Marcos Olguín

Personal information
- Full name: Marcos Olguín López
- Date of birth: 24 March 2001 (age 24)
- Place of birth: Madrid, Spain
- Height: 6 ft 4 in (1.93 m)
- Position: Centre back

Team information
- Current team: Marbella
- Number: 14

Youth career
- 2013–2020: Villarreal

Senior career*
- Years: Team / Apps / (Gls)
- 2020–2021: Burgos B / 13 / (0)
- 2021–2022: Mirandés B / 25 / (2)
- 2021–2022: Mirandés / 1 / (0)
- 2022–2023: Logroñés B / 25 / (2)
- 2022–2023: Logroñés / 2 / (0)
- 2023–: Marbella / 68 / (7)

= Marcos Olguín =

Spanish footballer

Marcos Olguín López (born 24 March 2001) is a Spanish footballer who plays as a central defender for Marbella FC.

==Club career==
Born in Madrid, Olguín joined Villarreal CF's youth setup in 2013, aged 12. He left the club on 18 June 2020, after finishing his formation, and subsequently joined Burgos CF, where he was initially assigned to the reserves in Tercera División.

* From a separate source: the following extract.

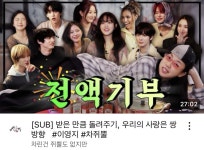 이영지X차쥐뿔, 소아암 어린이 치료비 4천만원 기부...한정판 굿즈 수익금+이영지 사비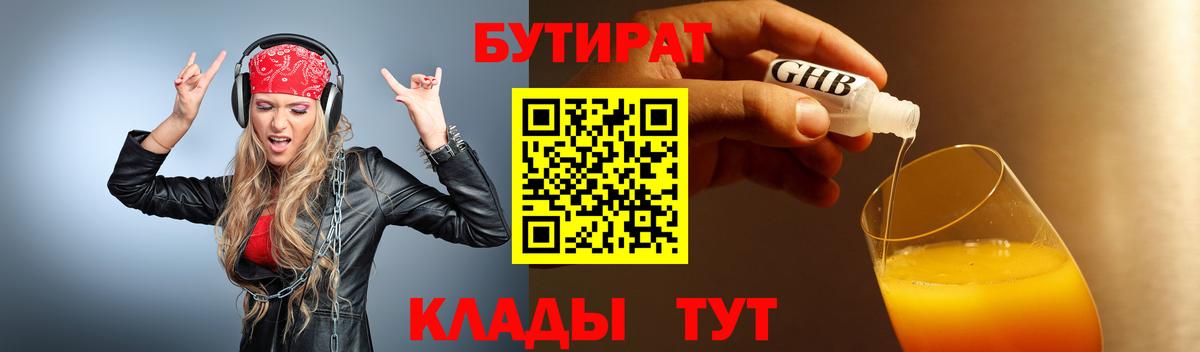 Владивосток  БУТИРАТ  Вход с VPN  Бутират оксибутират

Olguín made his senior debut on 1 November 2020, starting in a 0–2 away loss against Real Ávila CF. The following 26 January, after being a starter, he moved to another reserve team, CD Mirandés B also in the fourth division.

On 1 July 2021, Olguín renewed his contract with the Rojillos for a further year. He made his first team debut on 13 November, coming on as a late substitute for Oriol Rey in a 0–1 Segunda División home loss against SD Huesca.

After a year, Olguín joined UD Logroñés. This led to him leaving in the summer of 2023, to join Marbella FC.